Algorithm for scissor paper stone

Question

I am using the following method which works but wondering if there is a better algorithm to perform the test. Is there a better way to do it? Doing this in C# but putting syntax

Answer 1

if ((ComputerIn) % 3 + 1 == userInput)
    return "Win";
else if ((userInput) % 3 + 1 == ComputerIn)
    return "Lose"
else
    return "Draw"

If you wrap 3 around to 1 (using %) then the winner is always 1 greater than the loser.

This approach is more natural when you use 0-2, in which case we would use (ComputerIn+1)%3. I came up with my answer by subbing ComputerIn with ComputerIn-1 and UserInput with UserInput-1 and simplifying the expression.

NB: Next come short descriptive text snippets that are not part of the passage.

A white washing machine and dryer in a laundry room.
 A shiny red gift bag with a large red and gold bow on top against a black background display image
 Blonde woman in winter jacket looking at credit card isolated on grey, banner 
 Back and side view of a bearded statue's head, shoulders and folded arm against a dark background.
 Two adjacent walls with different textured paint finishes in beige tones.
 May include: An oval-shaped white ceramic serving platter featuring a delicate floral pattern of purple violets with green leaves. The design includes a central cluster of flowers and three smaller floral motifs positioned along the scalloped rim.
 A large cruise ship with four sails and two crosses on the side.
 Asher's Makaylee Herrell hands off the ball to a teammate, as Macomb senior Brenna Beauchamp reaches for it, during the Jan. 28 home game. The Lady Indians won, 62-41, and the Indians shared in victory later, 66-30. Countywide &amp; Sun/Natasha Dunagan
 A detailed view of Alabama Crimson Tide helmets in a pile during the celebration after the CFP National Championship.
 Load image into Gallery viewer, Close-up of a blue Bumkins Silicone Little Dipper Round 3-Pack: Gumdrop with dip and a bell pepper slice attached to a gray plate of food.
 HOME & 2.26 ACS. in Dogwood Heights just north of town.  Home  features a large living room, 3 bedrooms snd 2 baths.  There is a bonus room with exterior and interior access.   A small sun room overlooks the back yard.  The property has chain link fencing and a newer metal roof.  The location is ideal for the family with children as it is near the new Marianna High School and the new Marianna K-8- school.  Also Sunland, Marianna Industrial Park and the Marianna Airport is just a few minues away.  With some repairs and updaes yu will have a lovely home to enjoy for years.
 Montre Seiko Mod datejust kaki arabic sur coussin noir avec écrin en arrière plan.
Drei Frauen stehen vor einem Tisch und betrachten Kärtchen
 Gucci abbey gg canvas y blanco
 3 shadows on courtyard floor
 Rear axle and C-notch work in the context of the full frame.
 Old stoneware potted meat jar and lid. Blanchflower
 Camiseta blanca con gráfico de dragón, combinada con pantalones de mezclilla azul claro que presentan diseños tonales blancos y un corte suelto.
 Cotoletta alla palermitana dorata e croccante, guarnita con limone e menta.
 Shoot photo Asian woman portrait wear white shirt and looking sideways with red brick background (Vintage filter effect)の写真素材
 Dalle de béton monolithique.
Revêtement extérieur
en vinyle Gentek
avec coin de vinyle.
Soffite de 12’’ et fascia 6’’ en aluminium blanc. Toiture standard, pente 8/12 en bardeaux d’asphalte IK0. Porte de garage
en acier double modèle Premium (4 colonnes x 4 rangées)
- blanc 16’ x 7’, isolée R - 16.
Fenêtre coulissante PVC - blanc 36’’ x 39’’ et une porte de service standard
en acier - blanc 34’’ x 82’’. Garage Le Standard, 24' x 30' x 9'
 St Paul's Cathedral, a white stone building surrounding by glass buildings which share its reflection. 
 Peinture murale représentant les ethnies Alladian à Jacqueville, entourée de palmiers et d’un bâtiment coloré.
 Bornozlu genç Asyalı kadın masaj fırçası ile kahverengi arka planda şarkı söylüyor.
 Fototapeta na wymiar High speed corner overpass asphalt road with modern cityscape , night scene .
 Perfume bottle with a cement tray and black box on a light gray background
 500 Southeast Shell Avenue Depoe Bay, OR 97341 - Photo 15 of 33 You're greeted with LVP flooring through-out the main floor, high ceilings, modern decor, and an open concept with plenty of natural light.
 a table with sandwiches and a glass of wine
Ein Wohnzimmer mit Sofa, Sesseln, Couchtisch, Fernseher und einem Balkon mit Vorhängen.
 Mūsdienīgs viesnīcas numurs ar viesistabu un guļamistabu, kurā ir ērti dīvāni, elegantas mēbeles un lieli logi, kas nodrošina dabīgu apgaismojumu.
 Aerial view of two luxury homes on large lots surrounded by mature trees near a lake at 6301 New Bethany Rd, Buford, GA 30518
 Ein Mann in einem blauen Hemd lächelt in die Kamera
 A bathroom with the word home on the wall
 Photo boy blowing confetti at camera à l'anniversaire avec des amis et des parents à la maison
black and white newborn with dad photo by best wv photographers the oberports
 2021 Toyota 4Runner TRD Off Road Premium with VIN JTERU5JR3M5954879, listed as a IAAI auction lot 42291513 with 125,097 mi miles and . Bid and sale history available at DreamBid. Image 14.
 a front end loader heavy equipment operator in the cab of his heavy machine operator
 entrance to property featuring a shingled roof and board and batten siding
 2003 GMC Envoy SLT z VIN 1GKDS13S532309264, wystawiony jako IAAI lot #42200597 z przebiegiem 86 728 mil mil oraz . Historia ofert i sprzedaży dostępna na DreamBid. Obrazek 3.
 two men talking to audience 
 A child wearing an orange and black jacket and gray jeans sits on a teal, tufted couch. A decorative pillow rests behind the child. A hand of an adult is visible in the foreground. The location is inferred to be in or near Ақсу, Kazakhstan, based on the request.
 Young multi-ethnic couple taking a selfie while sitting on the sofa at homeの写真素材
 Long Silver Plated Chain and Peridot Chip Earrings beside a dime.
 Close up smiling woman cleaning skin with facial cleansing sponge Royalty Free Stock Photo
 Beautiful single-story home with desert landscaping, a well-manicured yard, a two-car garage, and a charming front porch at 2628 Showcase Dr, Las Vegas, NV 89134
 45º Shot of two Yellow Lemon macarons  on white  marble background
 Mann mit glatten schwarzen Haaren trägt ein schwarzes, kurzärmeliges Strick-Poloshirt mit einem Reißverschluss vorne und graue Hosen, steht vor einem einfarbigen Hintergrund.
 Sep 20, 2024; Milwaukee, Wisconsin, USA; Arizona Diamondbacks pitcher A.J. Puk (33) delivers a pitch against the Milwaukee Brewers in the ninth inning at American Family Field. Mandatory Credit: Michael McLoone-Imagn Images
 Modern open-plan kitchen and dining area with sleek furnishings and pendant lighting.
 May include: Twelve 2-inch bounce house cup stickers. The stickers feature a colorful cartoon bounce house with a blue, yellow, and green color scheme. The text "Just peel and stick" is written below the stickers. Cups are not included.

Edit, looking at this question after a long time. As written, if the ComputerIn is not used anywhere else, and is only used to determine win/lose/draw, then this method is actually equivalent to:

if (ComputerIn == 1)
    return "Win";
else if (ComputerIn == 2)
    return "Lose"
else
    return "Draw"

This can even be further simplified to

return new String[]{"Win", "Lose", "Draw"}[ComputerIn-1];

The results from this are entirely indistinguishable. Unless the randomly generated number is exposed to outside of this method. No matter what your input is, there's always 1/3 chance of all possibilities. That is, what you're asking for, is just a complicated way of returning "Win", "Lose", or "Draw" with equal probability.